Instructions to follow:
Each entry must appear in the answer exactly as written.

*** Input for this task Section Begins ***

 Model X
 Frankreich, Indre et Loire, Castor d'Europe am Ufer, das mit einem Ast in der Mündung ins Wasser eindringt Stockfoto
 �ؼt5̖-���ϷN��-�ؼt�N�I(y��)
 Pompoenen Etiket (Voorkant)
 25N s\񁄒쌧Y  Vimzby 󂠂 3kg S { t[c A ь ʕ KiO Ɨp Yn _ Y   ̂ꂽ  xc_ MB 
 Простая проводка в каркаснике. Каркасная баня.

*** Input for this task Section Ends ***

Exercise solution:
 Model X
 Frankreich, Indre et Loire, Castor d'Europe am Ufer, das mit einem Ast in der Mündung ins Wasser eindringt Stockfoto
 �ؼt5̖-���ϷN��-�ؼt�N�I(y��)
 Pompoenen Etiket (Voorkant)
 25N s\񁄒쌧Y  Vimzby 󂠂 3kg S { t[c A ь ʕ KiO Ɨp Yn _ Y   ̂ꂽ  xc_ MB 
 Простая проводка в каркаснике. Каркасная баня.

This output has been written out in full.